The world is too much with us; late and soon,
Getting and spending we lay waste our powers;
Little we see in Nature that is ours;
We have given our hearts away, a sordid boon!
from William Wordsworth’s “The World is Too Much with Us”
Alike Americans, Englanders suffered dehumanizing factories while enjoying the fruits of commercial profit. Because hard-pressed by overlords, hunger and want, England’s reaction to the machine was stronger and earlier than ours. Philosophers, artists, architects, and critics praised the virtue of honest labor, damned the servility of confined employment. At the same time, farmers, the hungry, the desperate and the ambitious flocked to factory jobs. Then, as now, elite aims and common targets face in opposite directions, and this the cause of our missing the mark.
Phillip Webb’s Red House, Upton, Bexleyheath, Greater London, for William Morris. credit: Ethan Doyle White
Arts & Crafts Biographies
A.W.N. Pugin
A. W. N. Pugin (1812–1852) was an architect-philosopher attuned to Nature, sensitive to the steel teeth of earth-grinding, life-eating machines. He was a medievalist, comfortable with familiar materials, structures, and social functions, and he was a Romantic alike the poets of an earlier generation (Blake, Shelley, et alia). It was Pugin, more than others, who in architecture realized the Romantic, Gothic vision. Too, Pugin criticized the eager destructions of the modernist industrialist, preached of handmade virtue, the craftsman and tradition. ………………………………
John Ruskin
John Ruskin (1819–1900) equated a nation’s moral health to the virtuous qualities of its architecture. He believed that mechanized labor created a sickly, servile person, that a healthy, moral society is composed of independent persons who labor independently with their hands. In brief, he considered the factory-made, dishonest, the hand-made, dignified.

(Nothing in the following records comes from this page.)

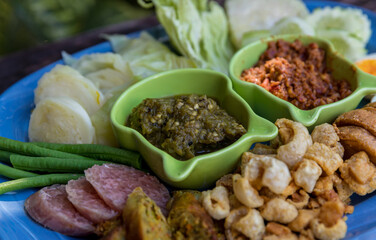 Tradition Northern Thai food. Northern Thai Green Chilli Dip  thai name is 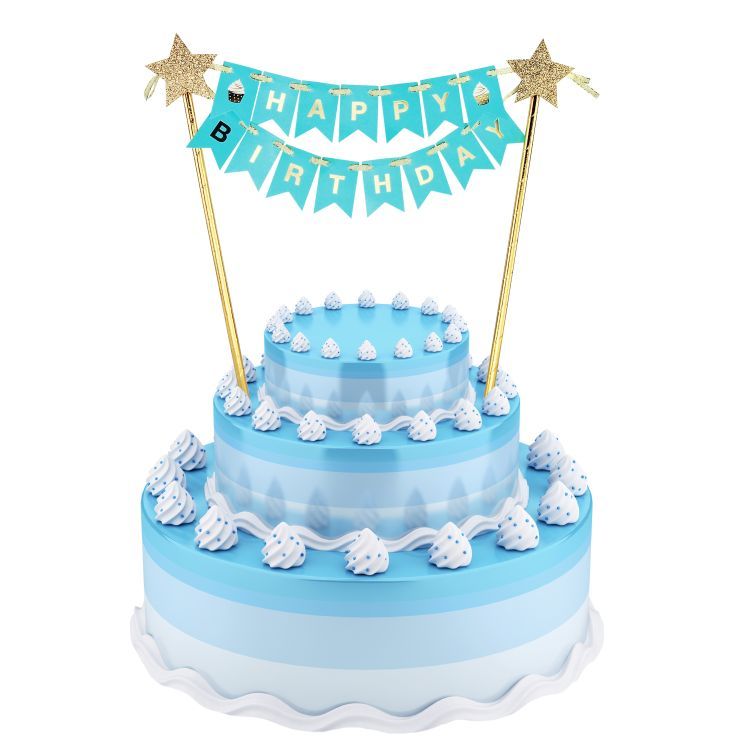 Obrázek k výrobku 19097 - Nápis na dort HAPPY BIRTHDAY světle modrý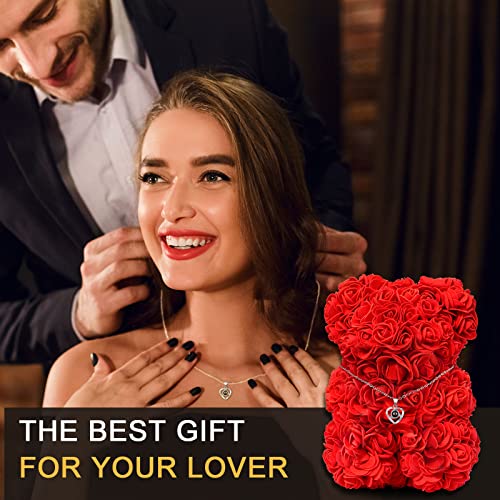 Handmade Gifts for Her Anniversary Romantic,Gorgeous Birthday Gifts Unique Preserved Roses Forever Flowers with I Love You in 100 Languages Necklace Giftsfor Wife Girlfriend Wife Mom Gifts - color: Red Necklace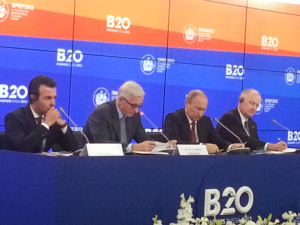 Mr Putin took part in a B20 meeting with business leaders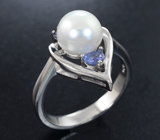 Чудесное серебряное кольцо с жемчужиной, танзанитом и синими сапфирами Серебро 925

Through Ruskin, craftsmanship is thought to be physically and ethically superior to degenerating industrial manufacture (a public relations battle that the modern corporation has yet to win).
William Morris
William Morris (1834–1896) was a craftsman, a designer, a manufacturer, and the father of The Arts & Crafts Movement. Morris understood that the intellectual and physical combine to create a superior work-of-art or of craft (furniture, wallpaper, pottery, et cetera). Morris’s painter and poet friends helped him to grow in imagination and competence, a competence which by upbringing and nature he was inclined. One such friend, Edward Burne-Jones, declared that his social set intended to “wage Holy warfare against the Age“. In 1861, Morris began to commercialize his furniture and decorative arts. In 1875, Morris founded Morris & Company, perhaps the most artistically significant studio since the Medieval guild, the Renaissance workshop, and the French royal manufacture. Morris & Company employed Rosetti, Burne-Jones, and many another Pre-Raphaelite artist and craftsman. Morris beautifully unified the decorations of home, elevated family aesthetic virtue, and returned the soul’s attention to Nature’s exquisitely simple forms.
Gustav Stickley
Gustav Stickley (1858–1942), publisher, manufacturer, designer, leader of the American Arts & Crafts movement. Likely, you know Stickley’s furniture, heavy oak generously cushioned, constructed of vertical boards clean and measured, shaped to create simple aesthetic delight. His metalwork mechanical furniture (lamps, et cetera) was hammered, bright-polished or deep patinaed. Metal or wood, his designs are sincere, honest, clean. Think “Restoration Hardware” before they went French Country elite.
Stickley in 1901 founded The Craftsman magazine. In the magazine were architectural plans, designs for furniture suitable to the skills of hobbyists, product recommendations, garden hints, landscape suggestions, histories, biographies, and advice on how best to live. How best to live? Earnestly, aesthetically, richly in history, independently and beautifully. Stickley was inspired by William Morris who said, “without dignified, creative human occupation people became disconnected from life“.
Lucknow, J. Williams Beal, architect. credit: Facebook, Castle in the Clouds
The Arts & Crafts Movement
Since its inception, the Arts & Crafts Movement has been a critique of industry, a fealty to tradition, a contradiction of opinion and practice. From its first, Arts & Crafts creators employed machines to make handicraft affordable. For the most part, the Arts & Crafts has been an absurdity of posturing craftsman-socialists who profit capitalistically. As I have found, socialists and communists are the most skilled promoters, the most inclined to public relations … must be, to camouflage what they are with what they would seem.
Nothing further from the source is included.